This shows an exemplary way to read CMS Open Data MiniAOD, and end up with parquet files containing the data in the form of awkward arrays. This is a storage-friendly alternative to just saving in numpy / pandas etc. which would already fill empty or non-existing features (varying number of particles per event...) by padding with some placeholder value to create flat tuples.
Running on OpenData requires at least some CMS-software release to read and process the samples, packed in a virtual machine or from /cvmfs, if you have access. Then convert them to easier-to-process root-files, and make them usable by any deep learning framework.
Tested (local + batch system) at RWTH HPC (CLAIX), tested local setup at lx3agpu.
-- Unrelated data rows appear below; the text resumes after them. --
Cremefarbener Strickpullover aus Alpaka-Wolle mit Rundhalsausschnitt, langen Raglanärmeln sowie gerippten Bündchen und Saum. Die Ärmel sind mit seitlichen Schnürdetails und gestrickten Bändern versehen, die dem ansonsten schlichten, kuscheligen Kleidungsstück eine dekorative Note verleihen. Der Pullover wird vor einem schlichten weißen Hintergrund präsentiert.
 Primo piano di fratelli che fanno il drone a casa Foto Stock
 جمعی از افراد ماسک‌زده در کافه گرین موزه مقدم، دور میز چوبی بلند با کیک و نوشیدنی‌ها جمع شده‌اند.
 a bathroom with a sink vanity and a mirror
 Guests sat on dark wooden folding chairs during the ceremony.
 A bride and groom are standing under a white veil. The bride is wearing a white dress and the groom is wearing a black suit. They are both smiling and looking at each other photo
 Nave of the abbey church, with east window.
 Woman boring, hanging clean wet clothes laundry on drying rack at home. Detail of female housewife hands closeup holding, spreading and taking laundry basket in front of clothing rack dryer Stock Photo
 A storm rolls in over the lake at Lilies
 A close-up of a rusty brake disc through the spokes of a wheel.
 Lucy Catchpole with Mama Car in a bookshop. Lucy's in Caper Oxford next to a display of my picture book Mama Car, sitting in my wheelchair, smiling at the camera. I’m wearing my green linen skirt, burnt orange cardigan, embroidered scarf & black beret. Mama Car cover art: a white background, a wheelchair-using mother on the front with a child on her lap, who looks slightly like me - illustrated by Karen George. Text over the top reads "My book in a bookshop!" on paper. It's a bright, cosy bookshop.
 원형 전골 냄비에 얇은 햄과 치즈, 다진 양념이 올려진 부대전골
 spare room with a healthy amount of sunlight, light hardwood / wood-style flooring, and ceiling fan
The magic that needs to be done first:
source /cvmfs/cms.cern.ch/cmsset_default.sh
cmsrel CMSSW_10_6_30
cd CMSSW_10_6_30/src/
cmsenv
git cms-init
git cms-merge-topic 39040
git clone -b master [email protected]:ErUM-AISafety/OpenNano.git PhysicsTools/OpenNano
scram b -j 18
(If you encounter problems with cloning via ssh, either setup an ssh-key between the device and github.com, or try https instead, for the latter, replace [email protected]:
with https://github.com/
).
Using cmsRun on a "non-official" site though means a local site-configuration is necessary. Let's trick cmsRun
to think we are an actual site, despite working locally (getting lucky is not a crime, there appears to be a config for RWTH-HPC already):
mkdir -p /home/um106329/BMBF_AISafety/OpenDataAISafety/CMS/CMSSW_10_6_30/src/SITECONF/local/JobConfig
cp /cvmfs/cms.cern.ch/SITECONF/T2_DE_RWTH/RWTH-HPC/JobConfig/site-local-config.xml /home/um106329/BMBF_AISafety/OpenDataAISafety/CMS/CMSSW_10_6_30/src/SITECONF/local/JobConfig
export CMS_PATH=/home/um106329/BMBF_AISafety/OpenDataAISafety/CMS/CMSSW_10_6_30/src
scram b -j 18
(kudos to https://twiki.cern.ch/twiki/bin/view/Main/RobinGitlabCICMSSW which is a similar use case). Of course you need to modify these paths for your own filesystem.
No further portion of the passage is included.